Once again Final output 3.0G. How do i use *fuser* to track the culprits?

Start by identifying the log files that are in use on your host.

Most people use /etc/logadm.conf to manage log rotation, although sometimes scripts are written for "quick & dirty" log truncation. Check /var/spool/cron/crontabs for entries that might be performing inappropriate log pruning...

Some applications (like apache) have their own log rotation mechanisms - you may want to check these as well to ensure that they aren't broken in some fashion.

If you can resolve your log rotation issues correctly, you can force them to rotate and release any "empty" space.

Thanks avronis. Yeah I think the act needs to be cleaned up, but is there someway to quickly redeem this loose space, dangling pointers etc. Without machine reboot or partition remounting.
Someway to flush the memory.

It's not stuff that hasn't been flushed -- the deleted files are literally still in use. Deleting the file doesn't do anything to something that already has the file open -- the file continues to exist, and won't be released from disk until whatever's holding them open lets them close.

lsof doesn't seem to be able to give file names, but you can ask it for every process using / with fuser -v -M /

Quickest and dirtiest way: reboot the system.

you can try that below:
du -ks /* |sort -nr

Hi all

Thanks for the guidance. I ended up rebooting the machine on the weekend because the situation was getting out of hand and good to say i can see the utilization is now down to 3GB as per our "du" output :).

I have now come across a sun script

nfsfind

would this work to close deleted files still held open by processes?

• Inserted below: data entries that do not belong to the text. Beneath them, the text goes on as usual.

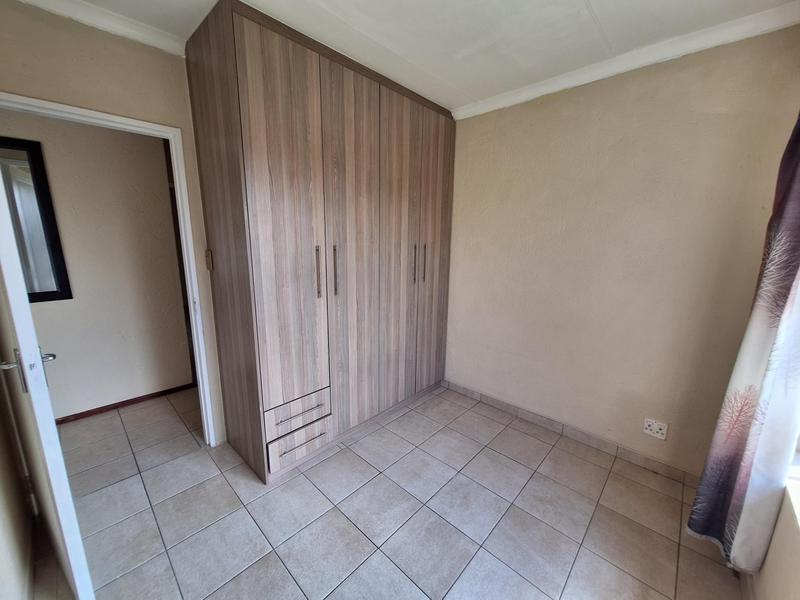 3 Bedroom Property for Sale in Heuwelsig Estate Gauteng
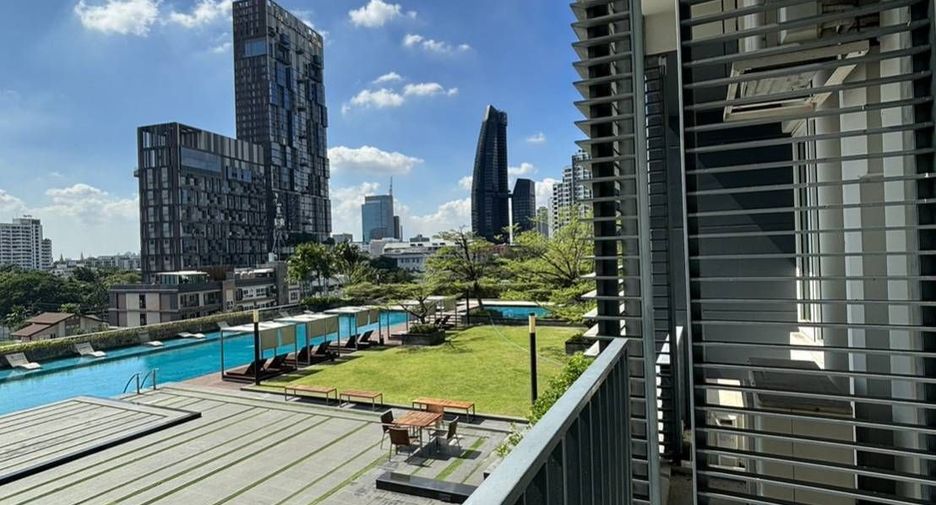 For sale 2 bedrooms condo in Khlong Toei, Bangkok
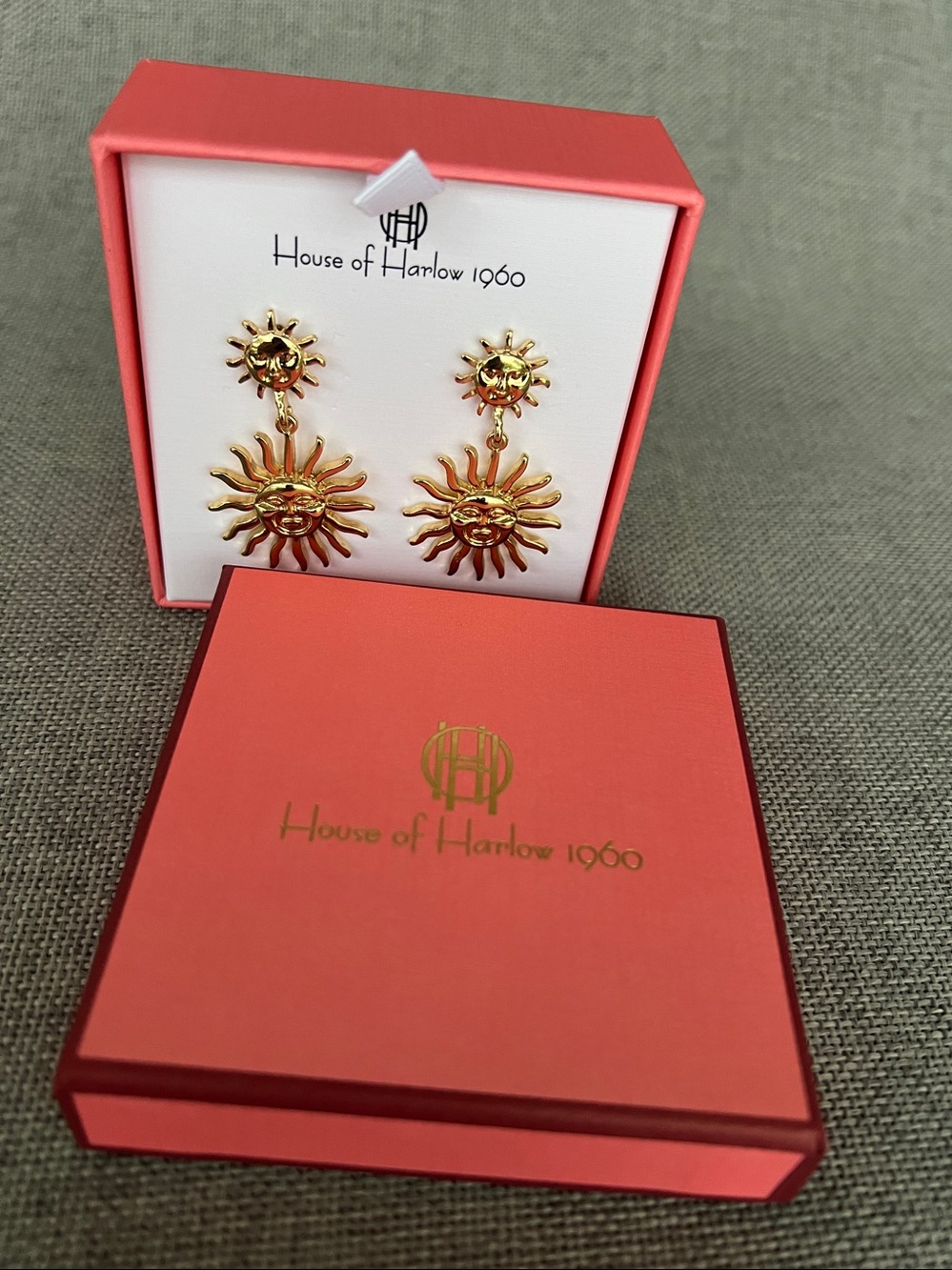 House of Harlow 1960 Novelty Sun drop earrings in gold - Picture 6 of 8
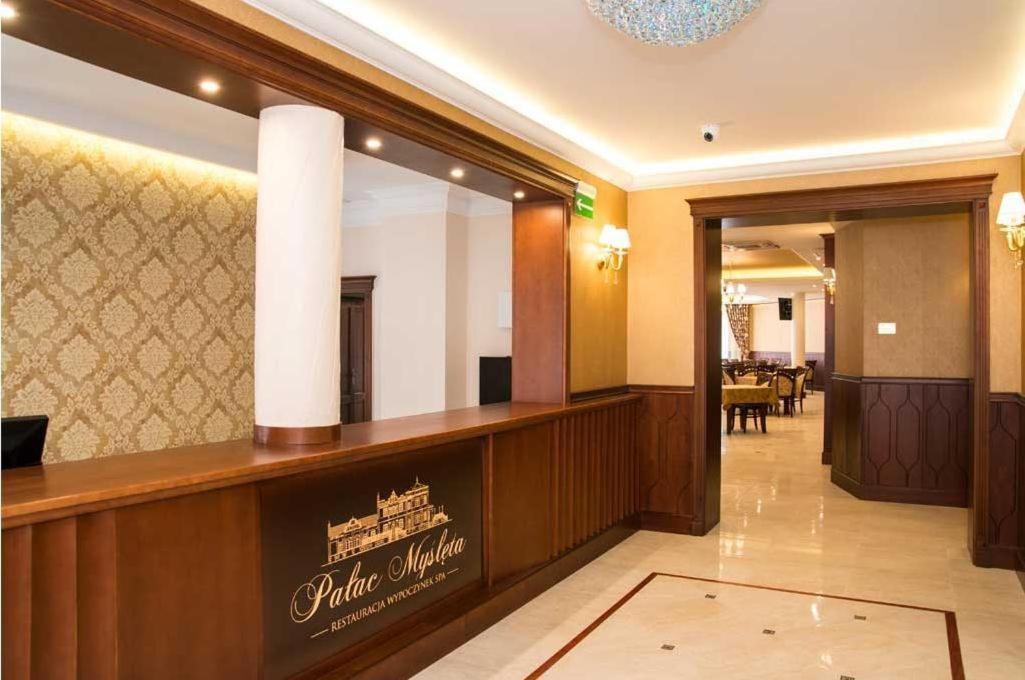 Palac Mysleta Uzdowo Экстерьер фото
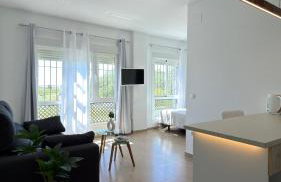 Apartahotel Moderno y Económico para 2 personas a 10 minutos de Sevilla con fácil aparcamiento - Photo 14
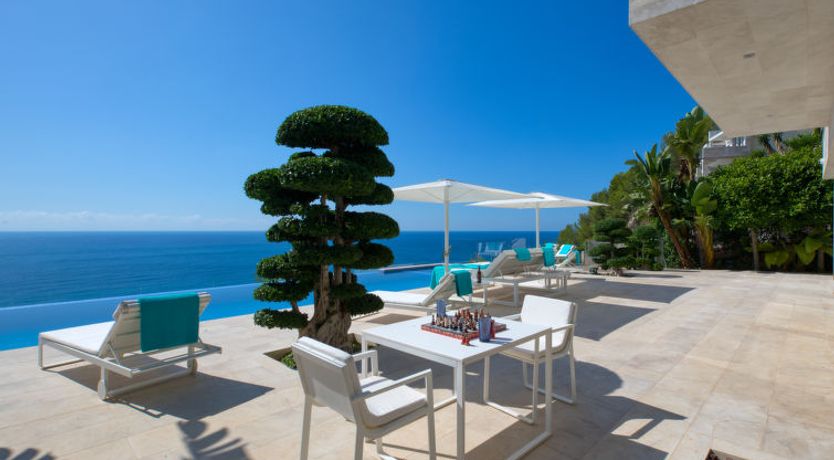 Photo of Emma on the Roc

As long as the file is open by a process, there is no way it can be closed. The file is closed when the application that holds it closes the file, which is usually when the application quits.

pfiles

The pfilescommand could be used to check which files are open by an application. For files that are delete, pfiles will only list file information but no file name. But be aware. Not all files listed by pfiles without a file name are errors and/or problems that need to be fixed.

 $ pfiles 19547 
 19547:  /usr/bin/perl ./keepopen 
 Current rlimit: 256 file descriptors 
 0: S_IFCHR mode:0620 dev:298,0 ino:12582934 uid:0 gid:7 rdev:24,9 
 O_RDWR|O_LARGEFILE 
 /devices/pseudo/pts@0:9 
 1: S_IFCHR mode:0620 dev:298,0 ino:12582934 uid:0 gid:7 rdev:24,9 
 O_RDWR|O_LARGEFILE 
 /devices/pseudo/pts@0:9 
 2: S_IFCHR mode:0620 dev:298,0 ino:12582934 uid:0 gid:7 rdev:24,9 
 O_RDWR|O_LARGEFILE 
 /devices/pseudo/pts@0:9 
 3: S_IFREG mode:0644 dev:136,3 ino:79343 uid:0 gid:0 size:222173910 
 O_RDONLY|O_LARGEFILE FD_CLOEXEC

Doesn't sound related, no.

To close the file you either have to convince the application to close it, or kill the application.

The former would be nicer if you can do it. If it's system logs, a SIGHUP to the right daemon might do.

You can get a version of lsof for Solaris from sunfreeware which hopefully provides more illuminating output than fuser.